7.9 KiB
layout | title | nav_order | permalink | parent |
---|---|---|---|---|
page | Archive Formats | 1 | /tech/archive-formats | Technical Guide |
Archive Formats
Files on old Macintosh systems often have metadata and extra data streams that they need in order to work correctly. If you copy a file from an old Macintosh computer to a Windows or Linux computer, and back, the extra data will be lost and the file may not work correctly.
The extra data that Macintosh archive formats must preserve are the file type code and creator code (see [Finder Info]({%link tech/finder-info.md %})) and the resource fork (see [Resource Forks]({%link tech/resource-forks.md %})).

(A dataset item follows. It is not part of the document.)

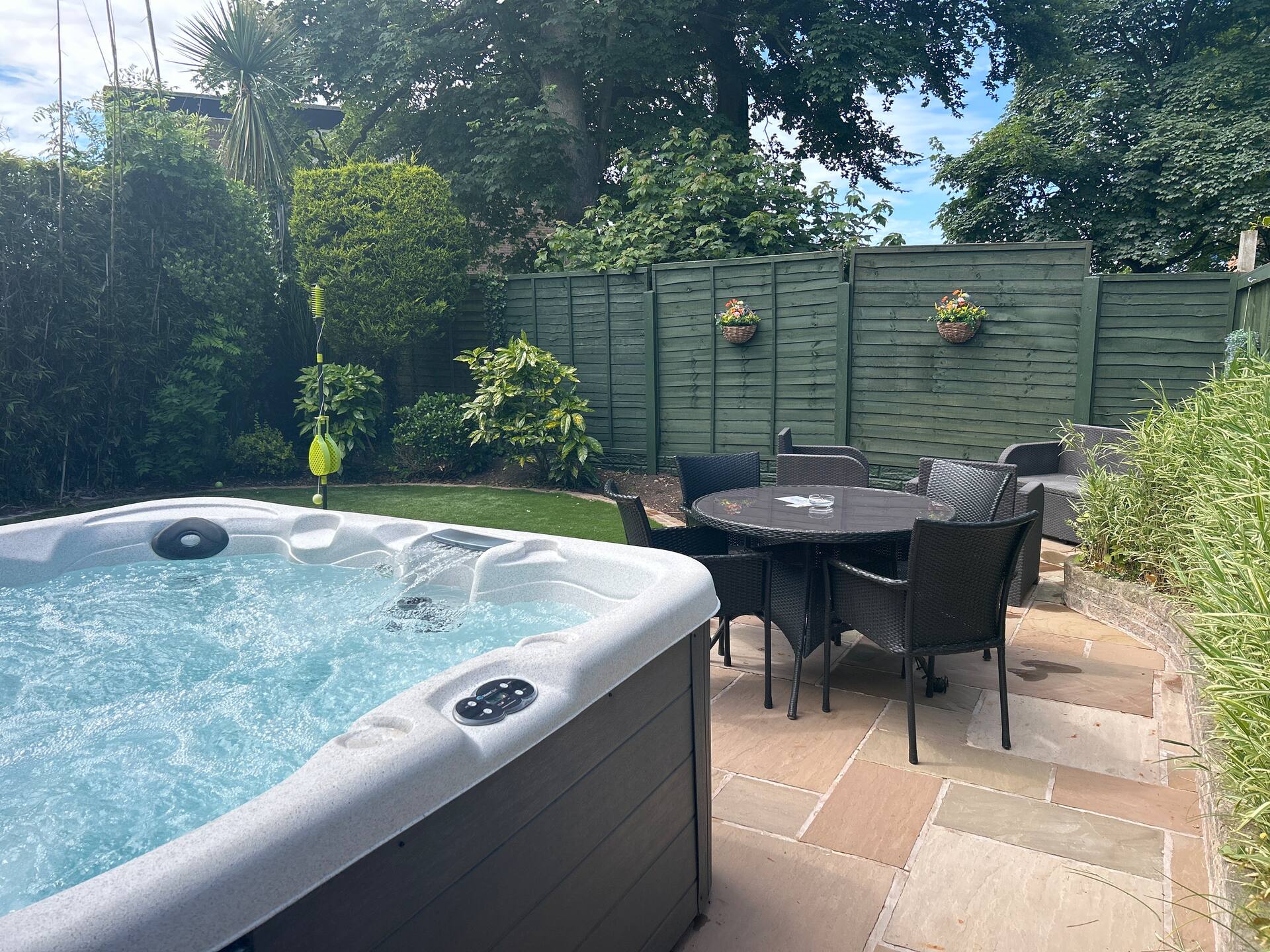 Detached house with games room and Hot tub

Files don’t always need special treatment. Plain text files and common image formats like PNG and JPEG are pure data. With software like PC Exchange or Software Exchange, the system can automatically set the file type code and creator code from the file’s extension. This is all you need for plain text, PNG, JPEG, and various other formtas.
However, applications and most types of files will not work correctly if the extra is lost. Archive formats provide ways to preserve this data.
Which Format Should I Use?
This is a matter of opinion! However, some choices are better than others.
-
Raw disk image (extension
.img
, or sometimes.dsk
) is the first choice you should consider. Raw disk images are easy to create, preserve all data, and can be used almost anywhere. Note that not all.img
files are raw disk images. -
UDIF disk images (extension
.dmg
) are preferred for archiving and distributing software for Mac OS X. -
NDIF disk images with MacBinary (extension
.img.bin
) are useful for uploading and sharing software and files for Mac OS 9 and earlier.
What Should I Avoid?
-
Don’t transfer NDIF disk images without preserving the image’s resource fork.
-
Don’t double-encode files. Stuffit archives do not need any further encoding. Rather than using
.sit.bin
or.sit.hqx
, just use.sit
.
Disk Images
A disk image contains a complete copy of an HFS volume or other filesystem, stored as a file.
Raw Disk Image
A raw disk image is a complete HFS (or other) filesystem, stored as a file. Raw disk are easy to create and can be used by emulators, vintage computers, and tools on modern computers. Raw disk images can be safely transferred to other systems without losing data. Note that files which have been deleted can sometimes be restored from raw disk images! DiskCopy lets you avoid this by choosing the “zero blocks” option, which is enabled by default.
Raw disk images often use the file extension .img
or .dsk
. You may find it useful to name your raw images with the .dsk
extension to distinguish raw disk images from NDIF disk images.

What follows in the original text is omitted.